= The New York Forum =

The New York Forum is a New York-based organization, holding an annual meeting in New York City that brings together political and business leaders from around the world as well as journalists. The Forum was founded in 2010 by French event producer Richard Attias.

==Origins==

The New York Forum was initiated by Richard Attias, former organizer of the World Economic Forum and co-founder of the Clinton Global Initiative in order to create a global meeting "dedicated to growth". Attias wanted to create "an event exclusively dedicated to economic issues" that would be solution oriented.

==Participants and activities==

Over the years participants have included Secretary of State Hillary Clinton, New York Mayor Michael Bloomberg, businessman Ricardo Salinas and IMF director Christine Lagarde.

The New York Forum has built its own economic think-tank, The New York Forum Institute, created for "testing, exploring and sharing ways to rebuild confidence and credibility, and to reinvigorate the economy".

The two main topics of the 2014 discussions were 'Is technology killing jobs?' and 'What will be the economic impact of climate change?'.

===New York Forum Africa===

From June 8 to 10, 2012, the first edition of The New York Forum AFRICA was held in Libreville, Gabon.
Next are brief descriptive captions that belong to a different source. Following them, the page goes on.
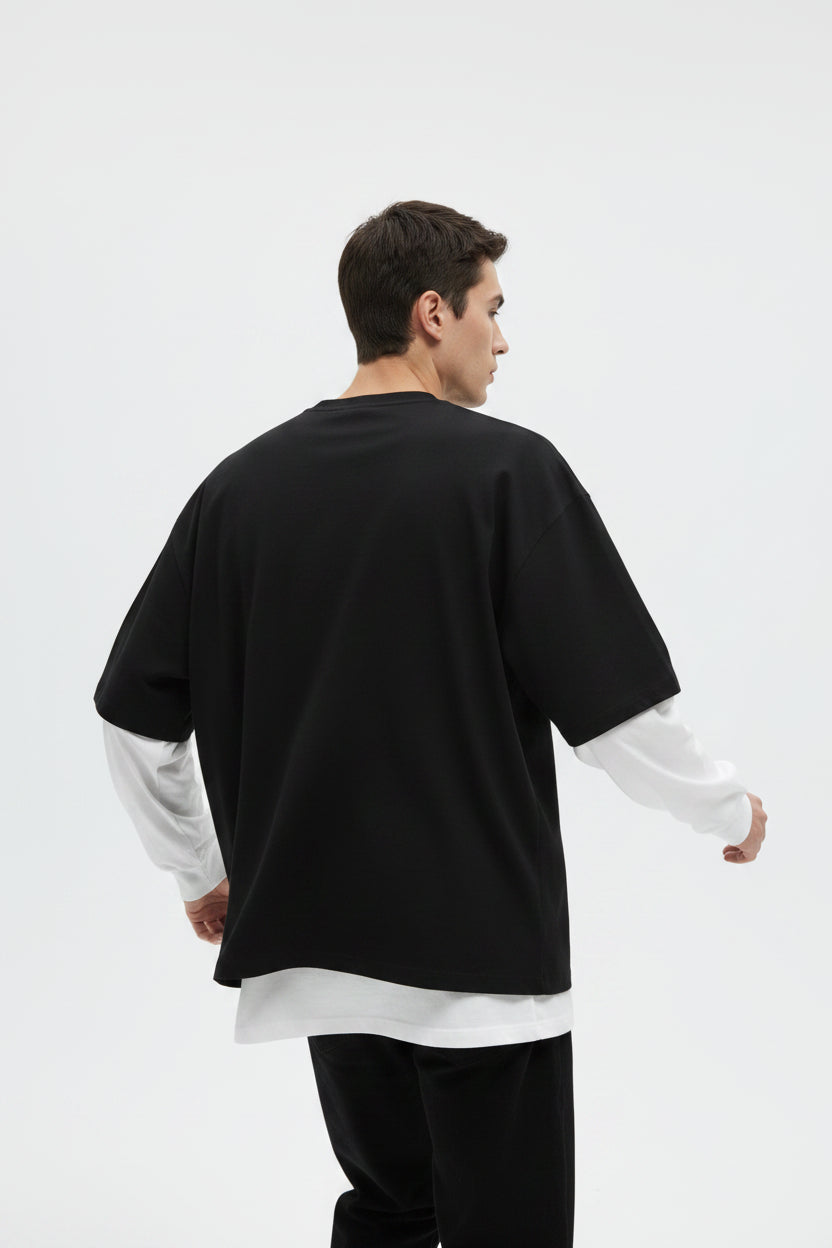ZotRage oversized long sleeve tee in black with white waffle-knit sleeves and a relaxed, layered aesthetic.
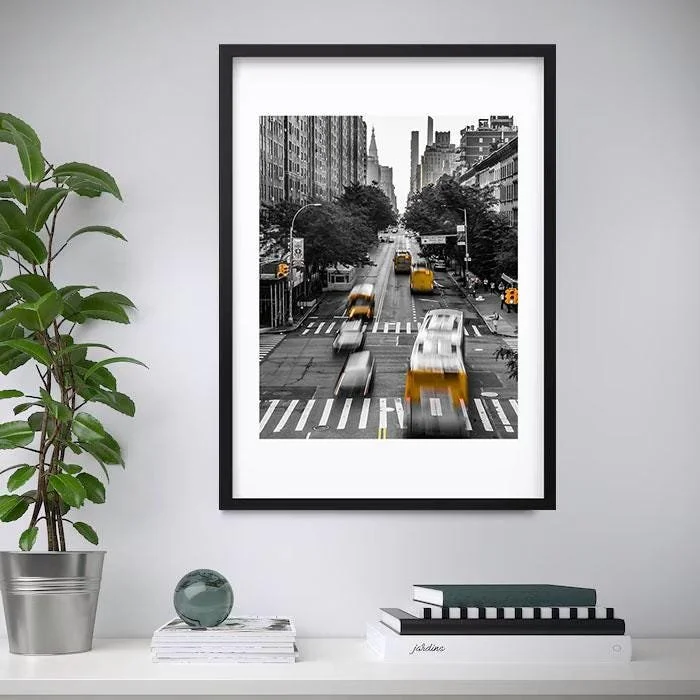 Black and white city street scene with yellow taxis, blurred for motion, seen through a window.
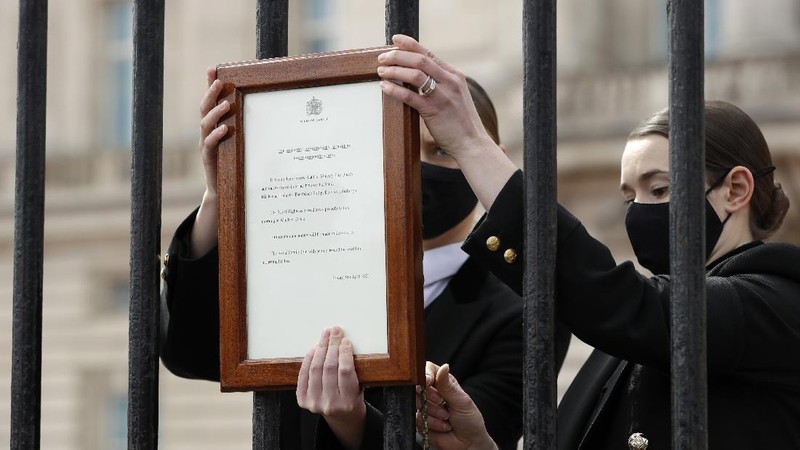 People view flowers left in front of the gate at Buckingham Palace in London, after the announcement of the death of Britain's Prince Philip, Friday, April 9, 2021. Buckingham Palace officials say Prince Philip, the husband of Queen Elizabeth II, has died. He was 99. Philip spent a month in hospital earlier this year before being released on March 16 to return to Windsor Castle. (AP Photo/Matt Dunham)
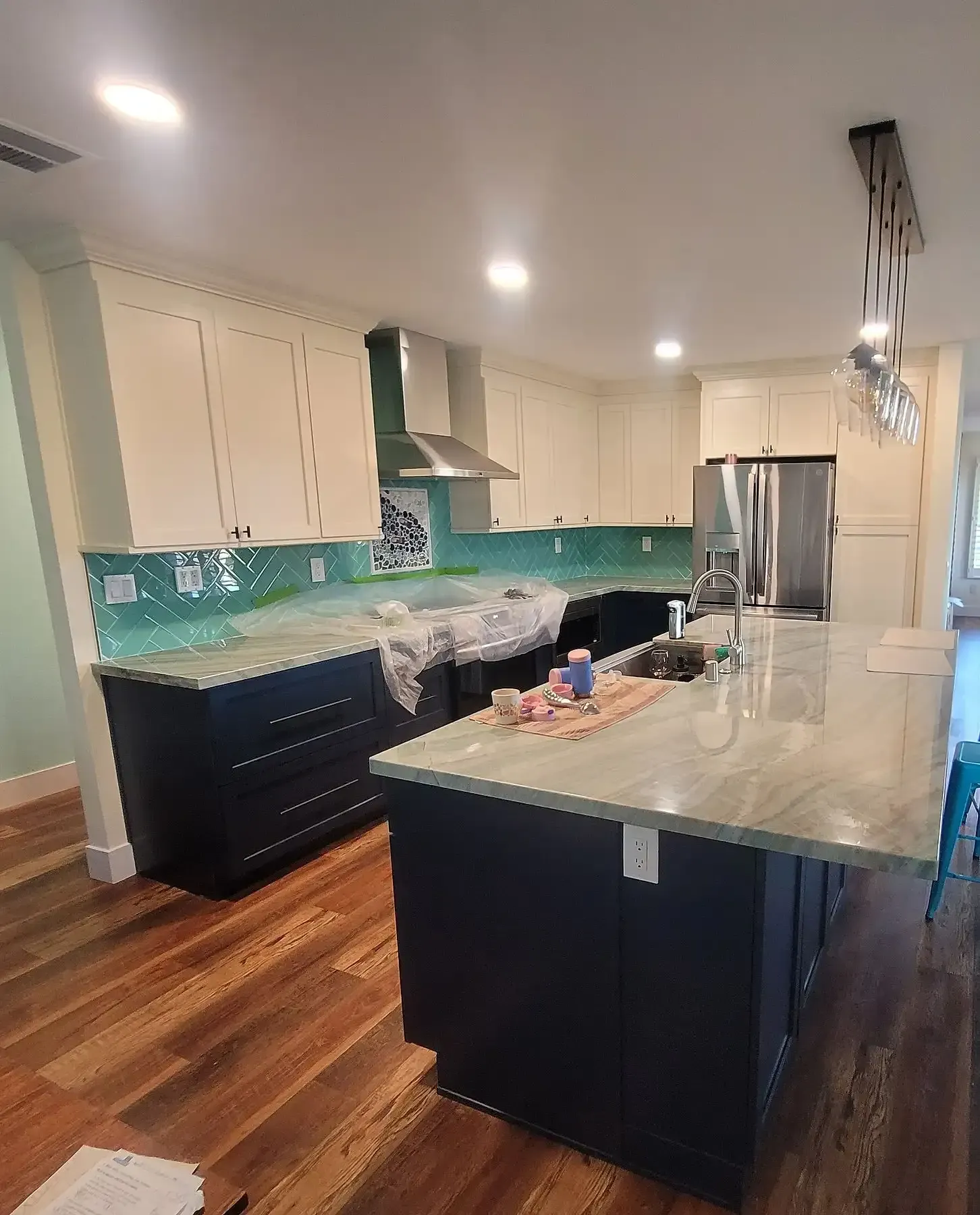 A kitchen with a large island and stainless steel appliances.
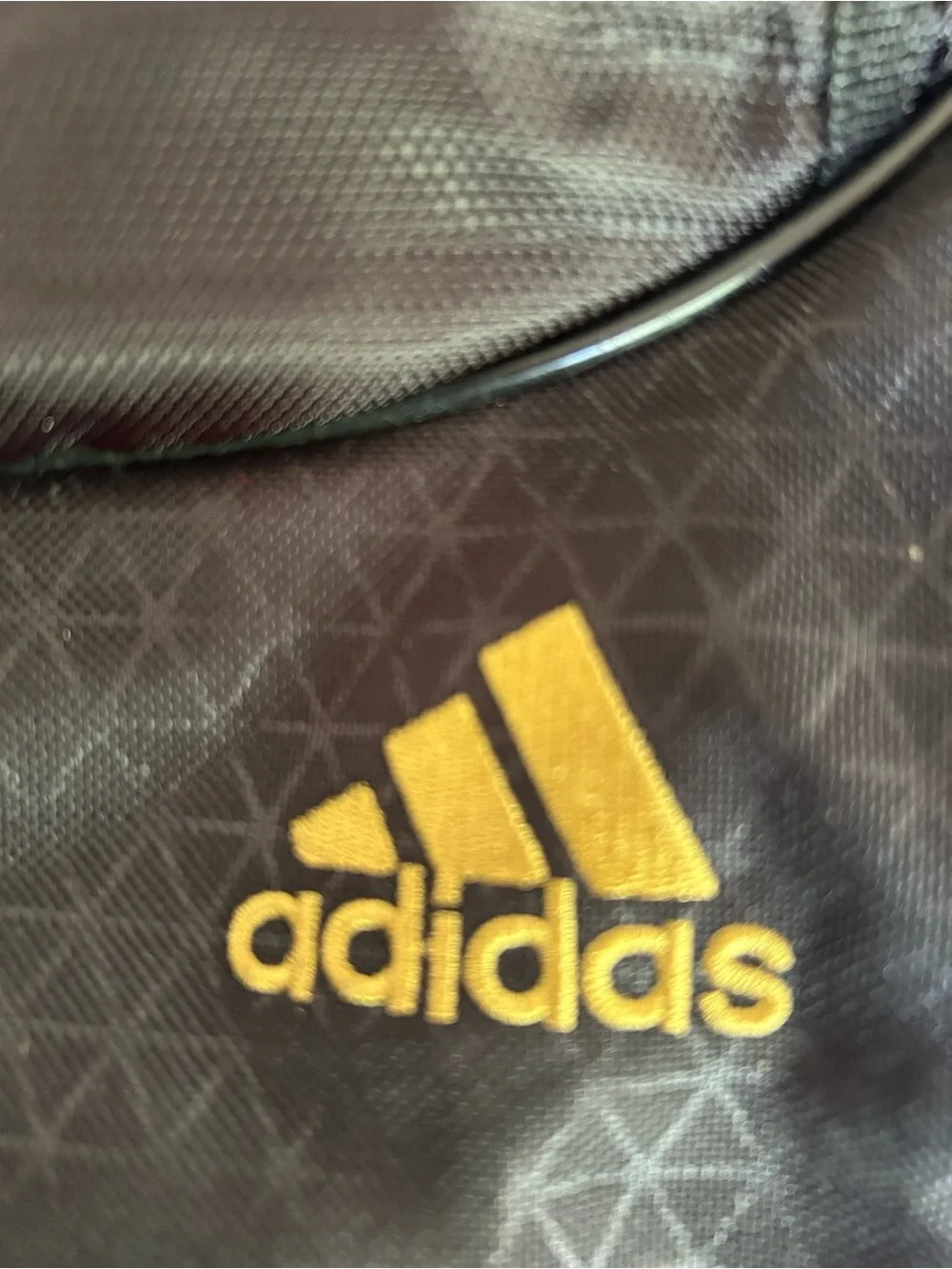 adidas Men’s Black Drawstring Backpack with Gold Stripes
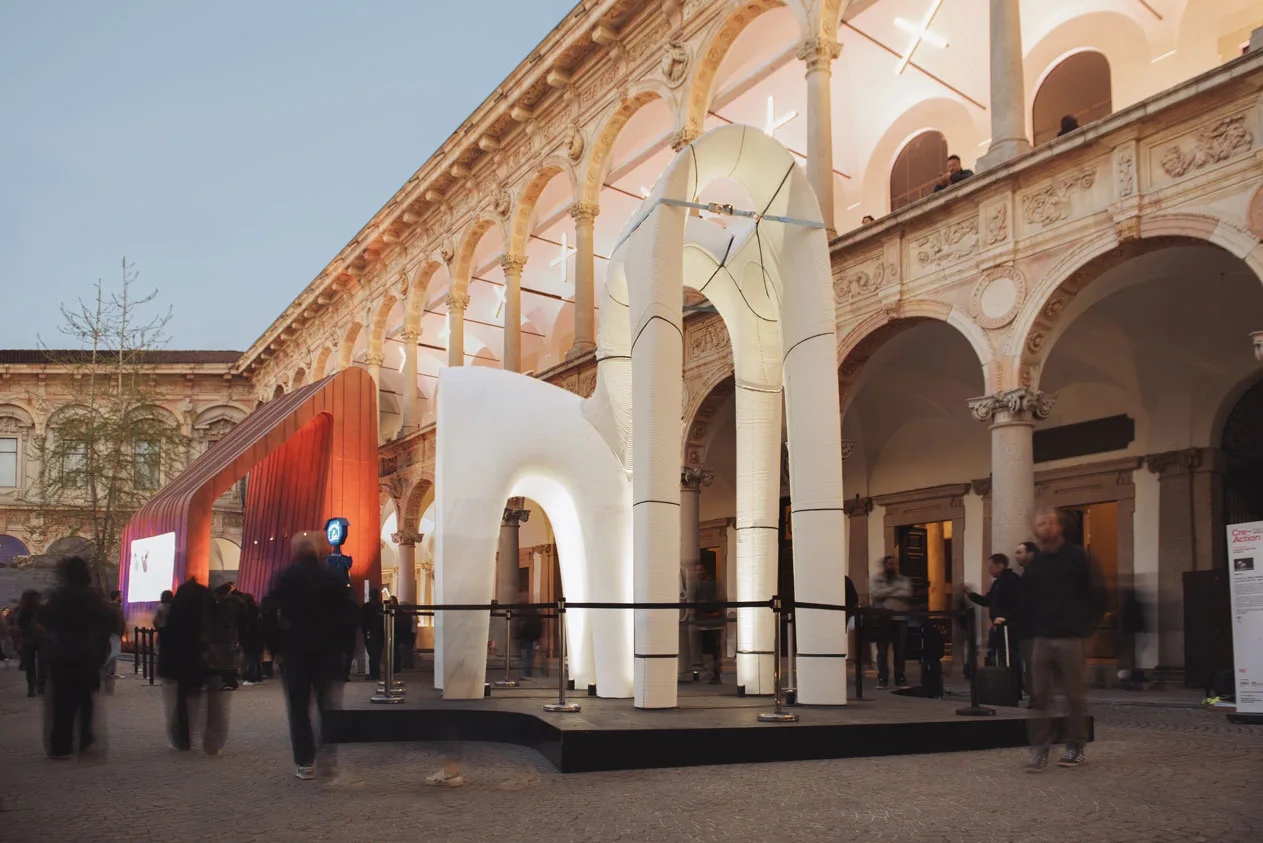 White sculptural installation in historic arched courtyard with blurred visitors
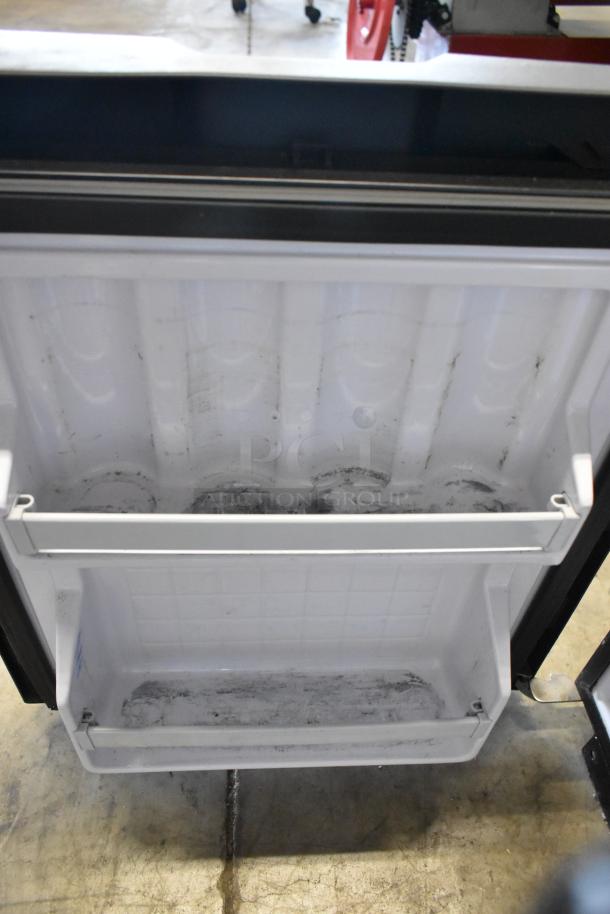 IndelB SP825 Mini Cooler, model A22-73004-000. 12/24V DC, open interior view, white, shows some wear and dirt.
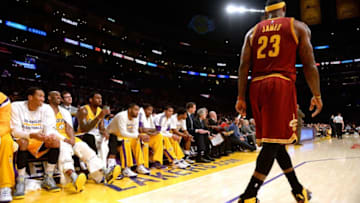 LOS ANGELES, CA - JANUARY 15: LeBron James #23 of the Cleveland Cavaliers jokes with Kobe Bryant #24 of the Los Angeles Lakers on the bench during the first half at Staples Center on January 15, 2015 in Los Angeles, California. NOTE TO USER: User expressly acknowledges and agrees that, by downloading and or using this Photograph, user is consenting to the terms and condition of the Getty Images License Agreement. (Photo by Harry How/Getty Images)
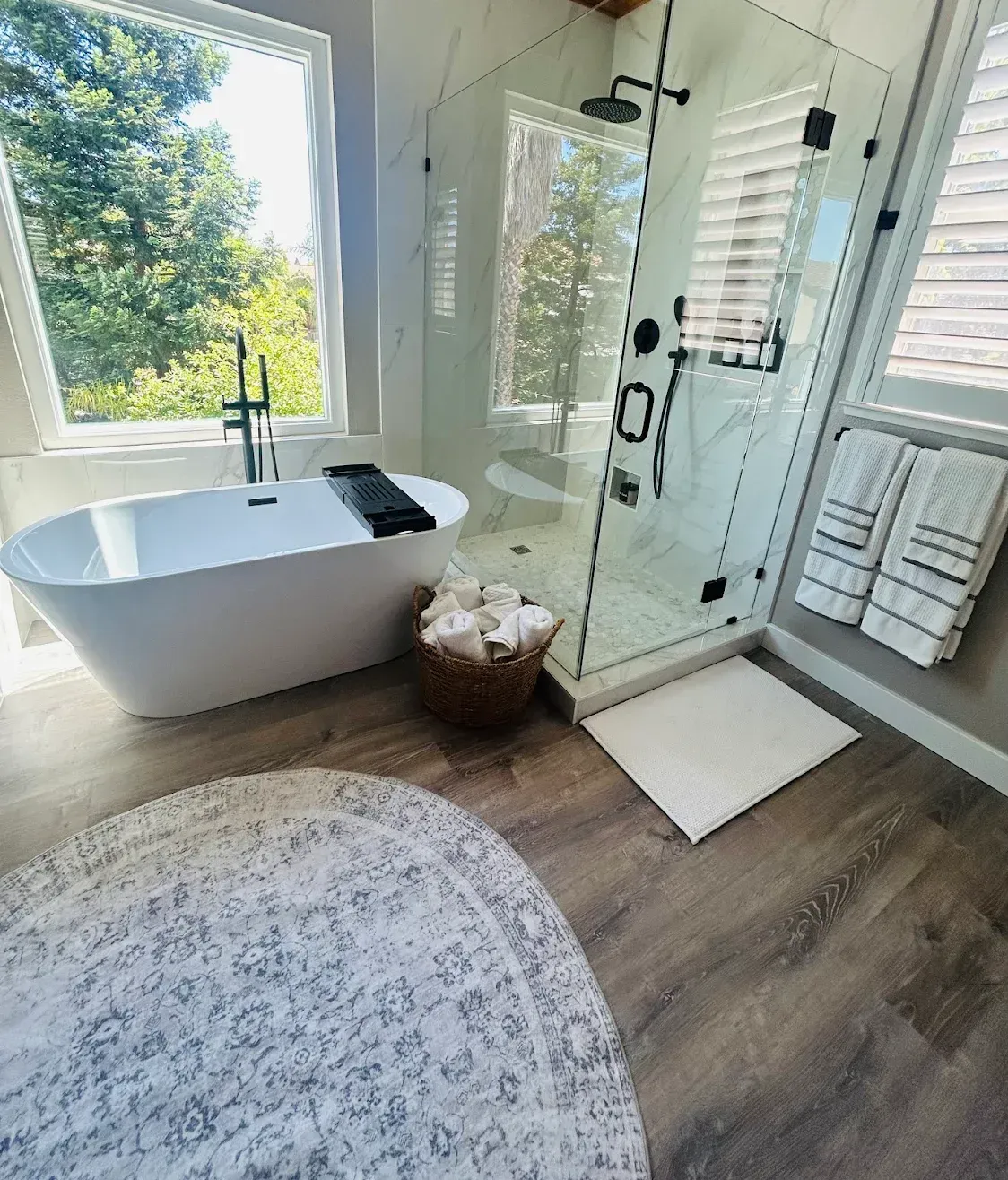 Bright modern bathroom with freestanding tub, glass shower, window, and woven basket on wood floor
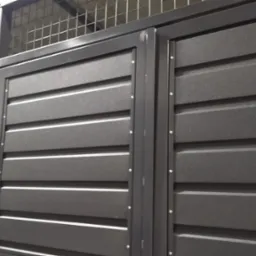 Szara metalowa brama z poziomymi panelami i kratką u góry, mocowana na nity.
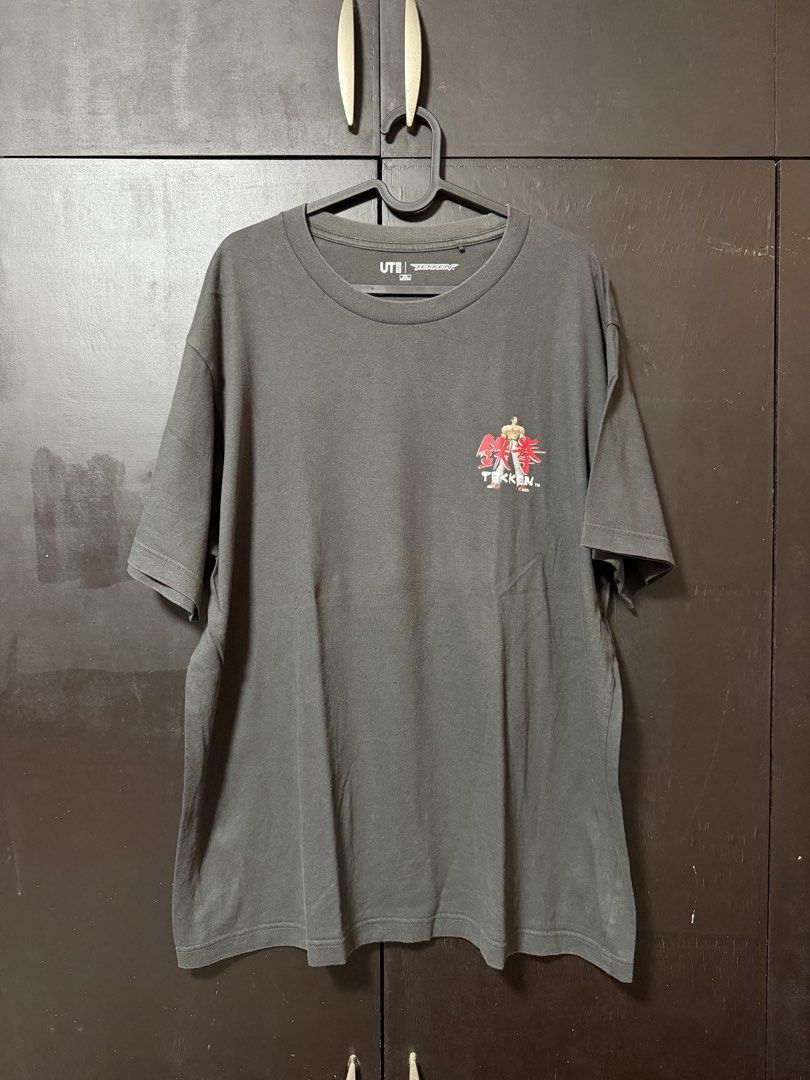 Uniqlo Tekken Tee (Category: Tshirts & Polo Shirts ) located in Antipolo. Submitted by yeoni19 (Listing ID 1470420256, Image 1). Description: Uniqlo Tekken Tee 300 +sf 24x29.5 Signs of usage, Fading Color may vary due to lighting. Feel free to message if you have any questions..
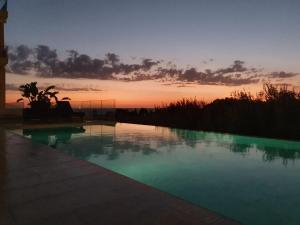 a swimming pool with a sunset in the background at Casa Costa Suites in Kanali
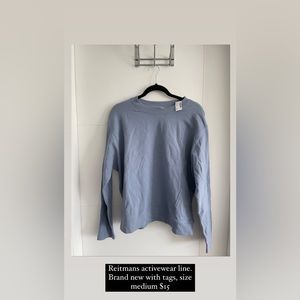 Reitman’s activewear line indigo pullover. BNWT. Size medium.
Many personalities such as Robert De Niro and Muhammad Yunus took part in the debates about Africa's economic future.

The Last New York Forum Africa took place from May 23 to 25, 2014 and focused on transformation of the continent: unlocking the competitiveness of the African economy through building value chains around the transformation of the continent's natural resources. Speakers and participants included President Paul Kagame from Rwanda, Laurent Fabius, French Minister of Foreign Affairs and International Development, Vicente Fox, ex-President of Mexico, Youssou N’Dour, former Minister of Tourism and Culture of Senegal, Tunisia's former Minister of Finance Jaloul Ayed, UN Under-Secretary General and Executive Secretary of ECA Carlos Lopes, International recording artist Akon, among others.